Немцы в госпитале относились к работникам хорошо, никого не обижали. Наоборот, старшая сестра, немка, принесёт булку хлеба, всем понемногу разделит. Их там много было, санитарок и всяких работяг, всем понемножку доставалось. Надо отметить, что работники наши были добросовестными, и не лезли не в свои дела.
Время к обеду – больные идут руки мыть, и за длинный стол, со стульями по обе стороны. Что больные не доедают – у девчонок котелочки стоят. Они в эти котелочки объедки собирают. Выносит Шура котелок с едой, мама уже стоит под воротами, ждёт. Отнесёт еду домой к тётке за три километра, прокипятит, и ребятишек покормит. Пока у тётки дом был нормальный, так и жили. Позже и её дом тоже сгорел.
Потом Шура жила с подружками на квартире. За работу немцы денег не платили, слава богу, хоть кормили и в квартиры селили. Осталась еда от больных – нальют тарелочку, сидишь, ешь. Выгонят кого-то из квартиры, тебя поселят. Потом бабуля одна взяла их, троих девчонок, жить к себе. Жили без никакой платы. (Какие платы!) Принесёшь ей кусок хлеба, она тебе десять раз спасибо скажет.
Работала Шура в госпитале года полтора, с 6 октября 1941, и до 1943, пока немцев не выгнали. Когда немцев выгоняли, девчонки попрятались, чтобы их вместе с немцами не угнали. А в 1943 наши пришли.
Вольнонаёмная
Шура сильно хотела, чтобы в армию её взяли, ей к тому времени уже исполнилось 18. Но её не взяли, потому что она у немцев работала. Тогда она пошла добровольцем в вольнонаёмную армию.
23 февраля 1943 года, Смоленск. Тогда её только-только взяли в вольнонаёмную воинскую часть, номер прикрепили. Раненько утром с подружкой шли они на работу. И тут, откуда ни возьмись, из подвалов перестрелка. Или там засада какая была, немцы, или русские, не понятно. Подружка шла по правую сторону, Шура по левую. И тут одна пуля пролетает Шуре сквозь обе ноги. Шура руками схватила одну ногу, артерию придержать, чтобы кровь не вытекла. Вторую ногу не чувствует. Ничего у неё не получилось, и она потеряла сознание. Неподалёку какой-то госпиталь был маленький. Видимо, услышали стрельбу. Прибегают, Шура уже без сознания. Шесть суток без сознания пролежала. Очнулась – всё не то, незнакомое, чужое. Где я…. Что я…. Расспрашивает, а никто ничего и не знает.

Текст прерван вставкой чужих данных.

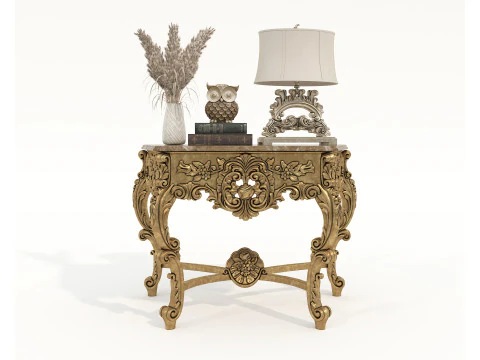 クラシックなヨーロピアンスタイルのコンソールテーブルと装飾 3Dモデル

Навещали Шуру девчонки, еду приносили. На костылях долго она ходила. Март ещё весь ходила на костылях, месяца два точно. Крови потеряла очень много, и никто не мог понять, с чего она вдруг жить начала. Подколенная артерия перебита была, двенадцать сантиметров разрез. Но кости не задело.
А дальше стали немцев прогонять, шли вперёд, вперёд и вперёд. Из Вязьмы в Белоруссию, Минск, там недолго были, затем в Витебск. Что скажут, куда пошлют, то и делали. Нравилось Шуре там, идти всё равно было некуда. С мамой растерялись, а там коллектив был. Шура с теми же девочками, что у немцев работали, так и пошли дальше вместе. Сначала девчонок было восемь, две ушли, осталось шесть. И с ними они прошли до конца войны. Жили девочки на квартирах, а солдаты в частях.